# U.S. University Clubs (Princeton Club, Cornell Club, etc) - a summary



## Acacian (Jul 10, 2007)

One of the interesting things about living in or near a big city like NY is the number of university clubs around town and all the events they have, along with meeting space, dining facilities, etc.

I just wanted to throw this out there to see who has become a member of one of these, what your your experiences are, etc.

Here are a few of my observations. First, I am a member of a university club in the city. I didn't go to the school, but qualified because I went to one of their affiliate schools.

1. They offer great private meeting space and eating in the city. I work from home and obviously don't want to bring clients here, so the club is a very good place to meet them for business, meals, etc.

2. They have lots of networking events, social events, etc., with many of the clubs opening them up to members of other clubs.

3. (one of the best benefits) When traveling, you can stay at other clubs in your home club's network. I think my club has 40 or so affiliate clubs around the US and around the world - maybe more. I have stayed at a few, and it beats big generic hotels by a mile.

4. The cost isn't too bad. Some clubs publicize their dues, and others will only disclose them after they decide to accept you. It depends on your age and if you live near the city or far away, but someone in their 30s who lives near the club might pay between $1,100 to $1,600 per year - maybe more but certainly not less (depends on the club). If you're younger, it can be a lot less.
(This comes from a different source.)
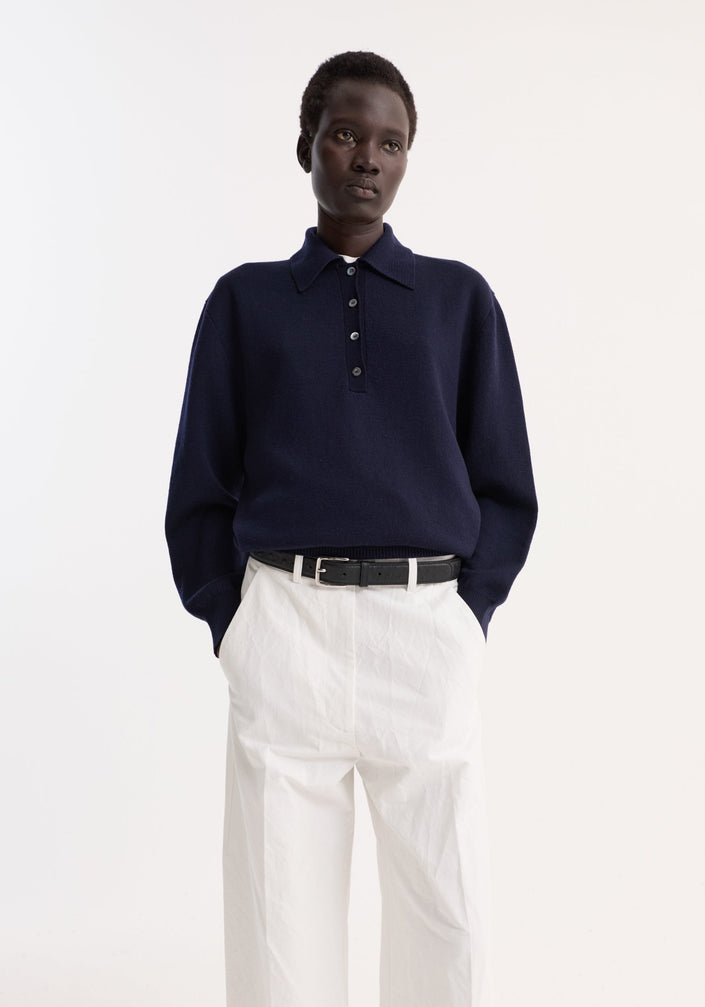 Model in Merino wool polo | navy, showcasing a structured collar and three-button placket, paired with high-waisted white trousers and black sandals.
*One big misconception is that you need to have gone to the school to be a member. * For some, this is true. For other clubs, there are non-alumni classes of membership. As a non-alumni member, I have never felt like a second class citizen, for what it's worth.

I know not everyone has $1,500 to spend every year on club dues, but I have enjoyed my experiences, and think that it has helped me tremendously with clients who are impressed by having access to a nice quiet place in a big and confusing city.
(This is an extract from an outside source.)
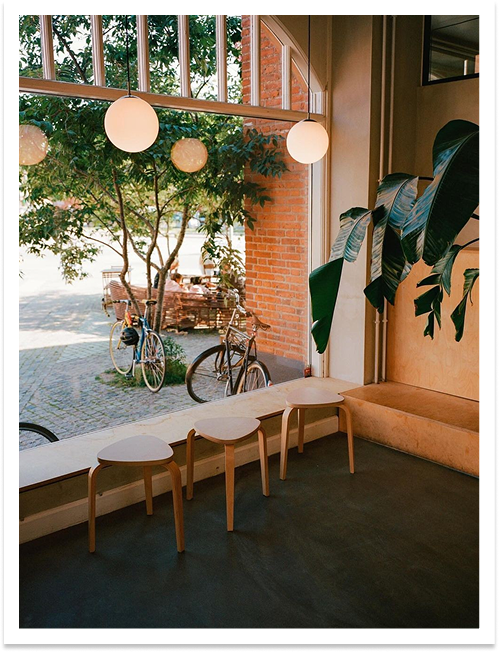 Interior of a café with three wooden stools at a large window, green plants, and bicycles outside.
Anyway, just wondering what other peoples' experiences are.

As I said, I have nothing but good things to say about the "club scene", but some people react with vicious irrational hated when I mention it...

Here are few links to those that seem to have non-alumni categories of membership:
https://www.princetonclub.com/
https://www.cornellclubnyc.com/
https://www.williamsclub.org/

Here are a few which have more limited criteria for membership - some non-alumni may be eligible, but it is quite limited:
https://www.columbiaclub.org/
https://www.hcny.com/
https://www.yaleclubnyc.org/

Thanks in advance.


----------



## VC2000 (Feb 10, 2006)

As I travel frequently (probably 250 days a year) the reciprocal rights of a club make memberships valuable to me. Just like your need for a place to meet outside of your home as you work at home, I use that while I'm traveling. It can be very helpful. I find that the staff turnover less at the clubs compared to a hotel. When traveling it can be very nice to have a place that they remember you. 

In some countries associations are very important and can assist in advancing business relationships. I have had courtesies extended to me because of memberships that were vastly helpful.

University club memberships can be bit difficult though. Some people take offense if they aren't alumni so I am slow to use them in the states. If you aren't alumni but a member of a club some see that as dishonest. 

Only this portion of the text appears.